The group believes tax and labour reforms, alongside other policies, are needed to strengthen international trade links and to expand into new markets.

There also remain concerns about a lack of a financial services equivalence deal with the EU.

Miles Celic, CEO of TheCityUK, told Reuters in July there is a need to ensure a compelling proposition for Britain to remain a world-leading financial centre.

He said: “This includes simplifying our regulatory regime while maintaining its quality and strength, providing certainty and clarity with a business tax roadmap, and enhancing efforts to attract and retain the talent we need.”

City figures have also warned London’s status as Europe’s financial capital will be in serious jeopardy if the Treasury and Bank of England are slow to introduce digital Sterling.

Daniel Hodson, former chief of Nationwide Building Society and the London International Financial Futures and Options Exchange, told City A.M. any UK central bank digital currency must be instead geared toward the financial services sector.

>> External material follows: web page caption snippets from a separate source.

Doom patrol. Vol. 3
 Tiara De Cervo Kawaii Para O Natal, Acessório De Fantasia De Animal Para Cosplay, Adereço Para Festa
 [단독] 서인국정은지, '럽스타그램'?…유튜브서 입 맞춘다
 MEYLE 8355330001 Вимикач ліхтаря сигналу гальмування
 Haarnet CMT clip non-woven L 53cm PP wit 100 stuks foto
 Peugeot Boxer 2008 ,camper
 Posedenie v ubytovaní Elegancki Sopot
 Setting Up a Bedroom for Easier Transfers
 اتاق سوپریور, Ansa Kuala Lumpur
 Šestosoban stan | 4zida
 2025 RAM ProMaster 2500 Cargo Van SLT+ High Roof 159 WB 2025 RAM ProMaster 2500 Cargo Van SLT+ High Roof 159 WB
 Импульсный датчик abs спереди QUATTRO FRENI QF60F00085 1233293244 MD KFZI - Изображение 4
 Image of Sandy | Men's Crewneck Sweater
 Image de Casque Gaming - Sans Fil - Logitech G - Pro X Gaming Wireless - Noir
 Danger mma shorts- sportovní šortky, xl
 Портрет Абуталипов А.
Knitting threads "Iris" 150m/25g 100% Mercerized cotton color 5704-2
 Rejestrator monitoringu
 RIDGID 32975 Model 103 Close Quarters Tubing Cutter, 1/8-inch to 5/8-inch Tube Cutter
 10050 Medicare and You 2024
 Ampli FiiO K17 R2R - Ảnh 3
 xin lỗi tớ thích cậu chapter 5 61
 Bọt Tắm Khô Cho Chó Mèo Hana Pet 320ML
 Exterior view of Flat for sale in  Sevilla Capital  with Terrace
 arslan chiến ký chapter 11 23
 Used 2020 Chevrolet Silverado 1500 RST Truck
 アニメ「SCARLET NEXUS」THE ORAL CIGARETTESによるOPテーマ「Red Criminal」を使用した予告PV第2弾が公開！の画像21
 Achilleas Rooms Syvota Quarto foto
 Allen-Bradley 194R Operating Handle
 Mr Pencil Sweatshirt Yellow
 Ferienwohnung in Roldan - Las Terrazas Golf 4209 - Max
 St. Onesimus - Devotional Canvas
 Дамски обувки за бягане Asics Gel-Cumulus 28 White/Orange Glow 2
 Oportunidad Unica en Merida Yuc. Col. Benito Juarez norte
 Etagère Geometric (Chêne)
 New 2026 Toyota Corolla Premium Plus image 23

He said: “The City’s multicurrency, multiproduct, deep and diverse markets and their associated clearing and settlement activities and institutions have so far largely protected against any demarche to EU financial centres.

“An early wholesale led Euro CBDC, i.e. in advance of any sterling model, would gift an immediate opportunity rapidly to move the bulk of Euro-based transactions away from London to the continent, probably mainly to the advantage of Paris, based on the cost, speed and capital saving associated with its use.”